--- Extracted records ---

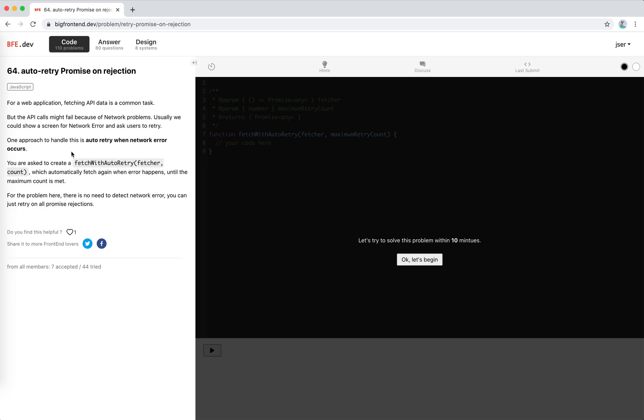to auto retry when network errors occur. We're asked to create a fetch with auto retry that takes a fetcher and count, which automatically fetches again when failures happen until the maximum count is met. We need to set a maximum to avoid calling the API forever.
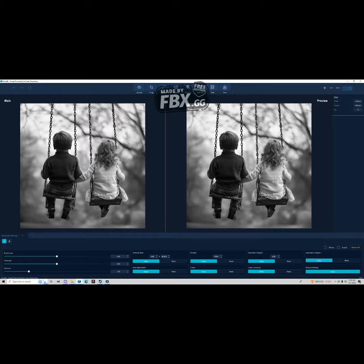Tip number one is probably the most important, and that is to always make sure that the image you are starting with has a resolution of at least 2000 pixels by 2000 pixels — a 2K image at least. If you don't have an image that's 2000 by 2000, still use a program like ImageR Tools, which has an option to scale the image up and upscale to at least 2000 by 2000 pixels.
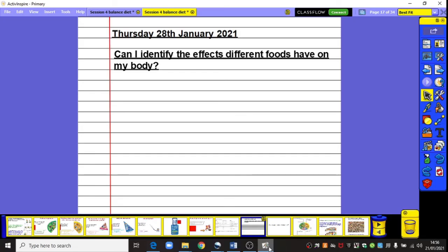Good afternoon Year 6, Mrs Pratt here again with your second science lesson of the week. So today it's Thursday the 28th of January 2021 and our title is: can I identify the effects different foods have on my body?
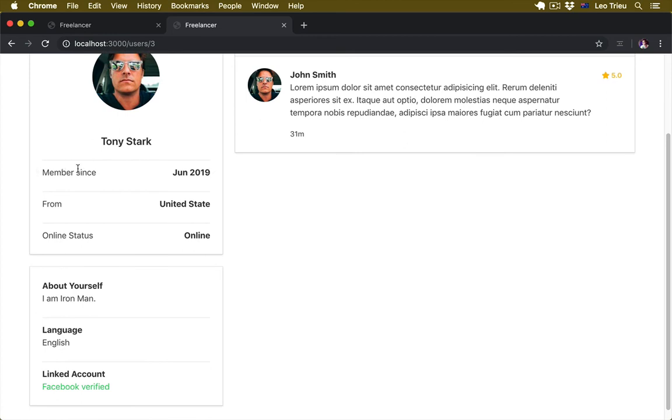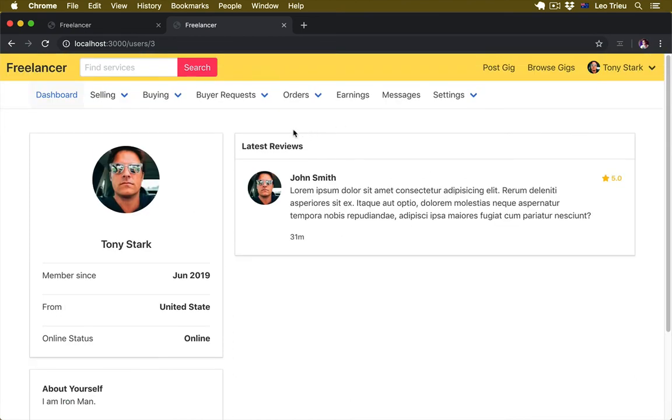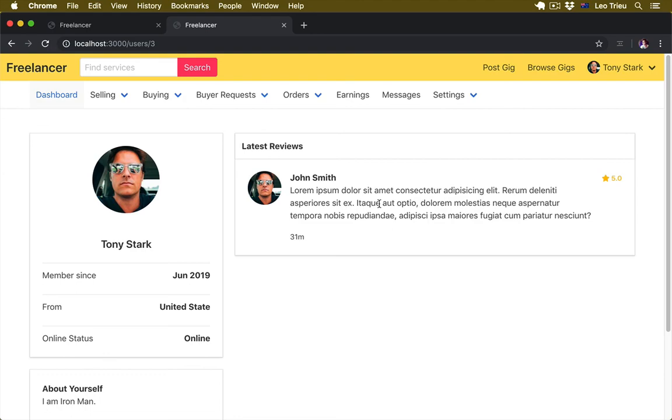So in this case we're going to display things like member from, online status, and on the right-hand side. Later on we're going to display a list of gigs belonging to this user. In later state, but for now we're going to create dummy reviews data just like what you see here. Alright, so that's all we need to do in this task.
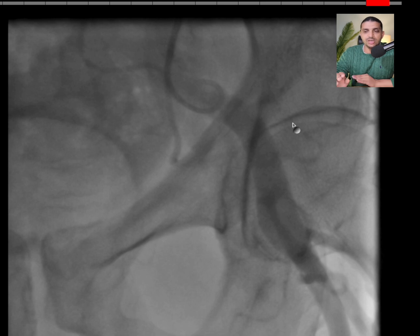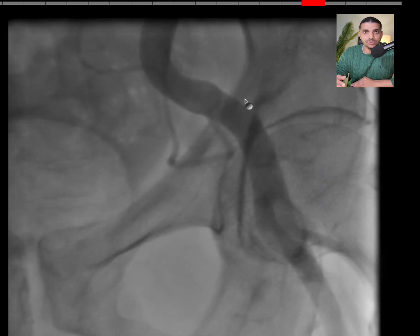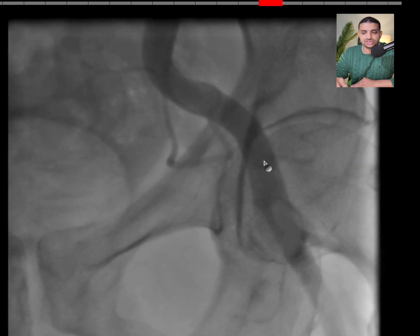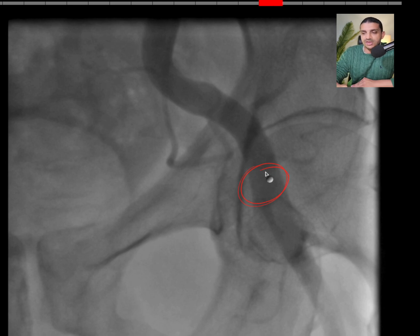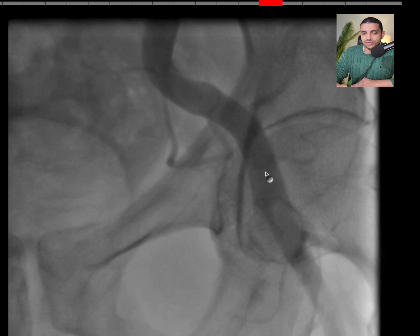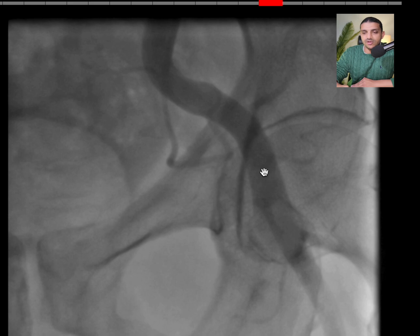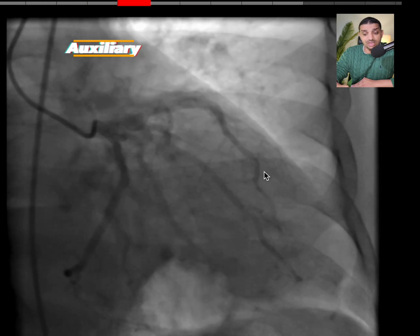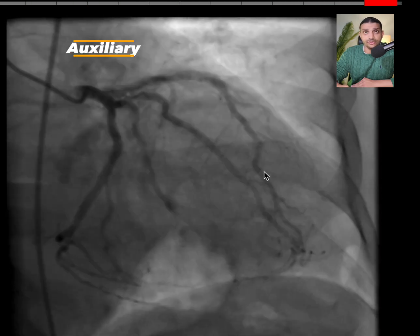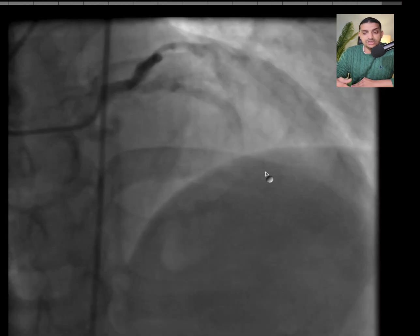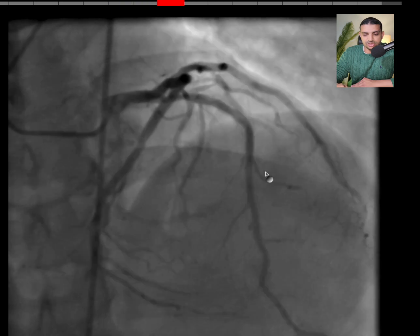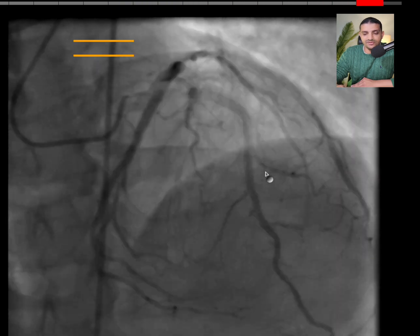You introduce the wire and then prepare the vascular axis by dissection and many more steps that we're going to discuss in another video. After you secure your vascular axis, you move on with the auxiliary, which covers the diagnostic coronary angiography.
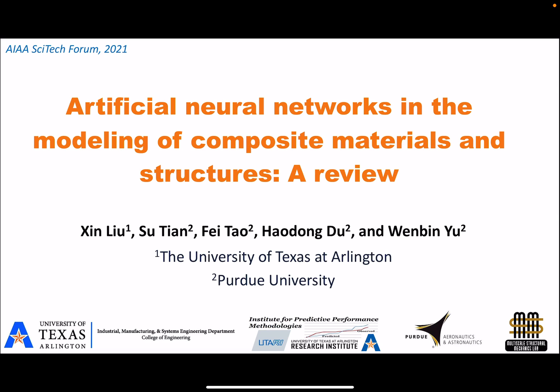Hello, everyone. My name is Xin Liu. I'm an assistant professor at the University of Texas at Arlington. The work I present here is an extension of my PhD study with Dr. Wenbin Yu at Purdue University. In the past two years, we have been working on multiscale modeling with the help of ANN models and generated several journal and conference papers. Today, I'd like to give a short review of the artificial neural networks in the modeling of composite materials and structures.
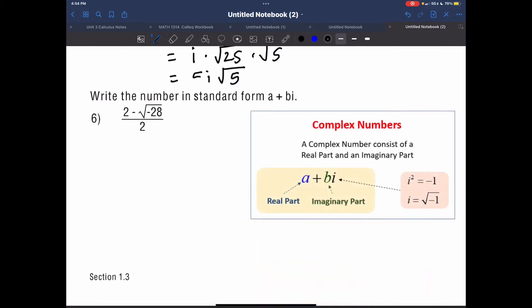How to write a number in standard form a plus bi — this is a complex number, and you can also have a minus bi. Here, a is a real number like decimals, fractions, whole numbers, or negative numbers, and the bi is an imaginary number, which is what you get when you take the root of a negative number.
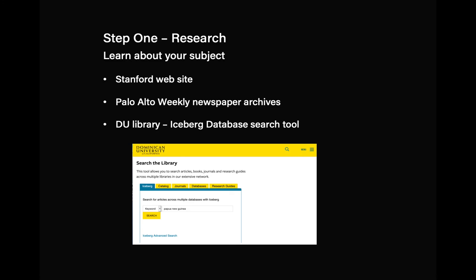Next, you want to learn about your subject. Since my subject is the Papua New Guinea sculpture garden at Stanford, I read about it on the Stanford website. I went into the archives of the Palo Alto Weekly newspaper, because that's where I had first read about the sculptures. Finally, I went to the Dominican library search tool called Iceberg, which is a fantastic place to visit for any kind of information, and I found an e-book on the sculpture of Papua New Guinea.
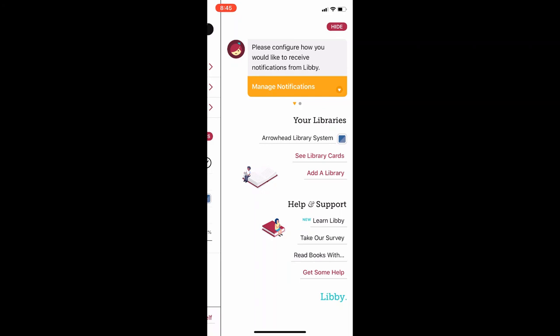You can also find more information about downloadable content available from DPL by going to the library's website at www.duluthlibrary.org. Thanks and happy reading!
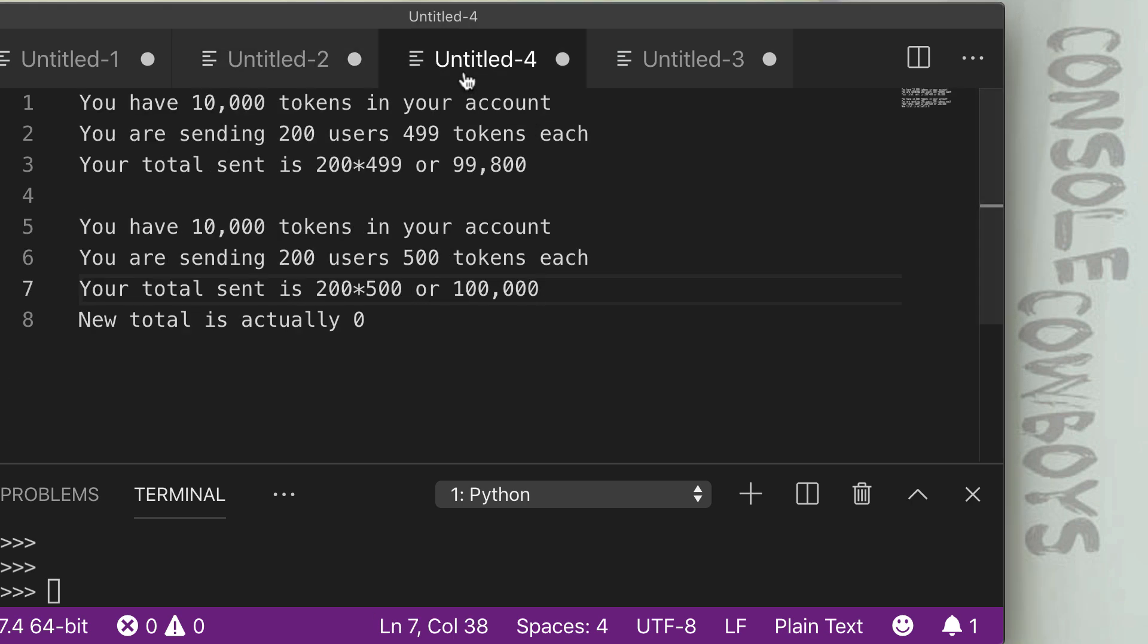The next example is going to be that of an overflow. This one is called a batch overflow. It's when you're sending a batch of tokens to many users and you're not using safe math functions and it's easy to overflow. Even though the value is very large, if you're sending to a ton of users, you can easily go over the maximum Uint value.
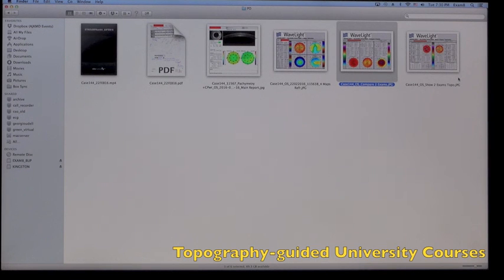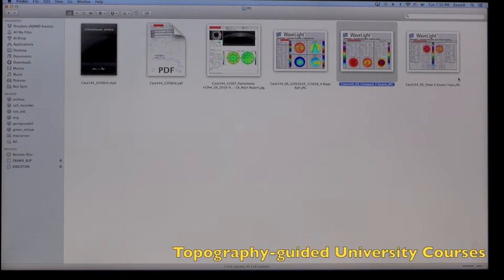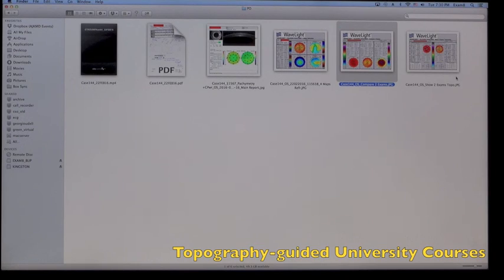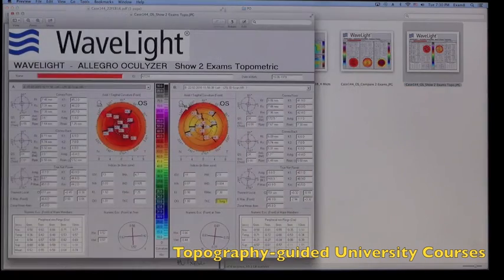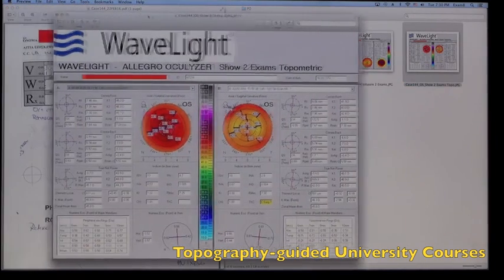And again, in sagittal anterior segment curvature, and let's click on the topometric indices, which is the last picture on the right here.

---

Task goal: Return only the lines from the one that contains "The next example" through the closing line of the data, inclusive, reproduced exactly and with every picture left out.

Answer:
The next example is going to be that of an overflow. This one is called a batch overflow. It's when you're sending a batch of tokens to many users and you're not using safe math functions and it's easy to overflow. Even though the value is very large, if you're sending to a ton of users, you can easily go over the maximum Uint value.
And again, in sagittal anterior segment curvature, and let's click on the topometric indices, which is the last picture on the right here.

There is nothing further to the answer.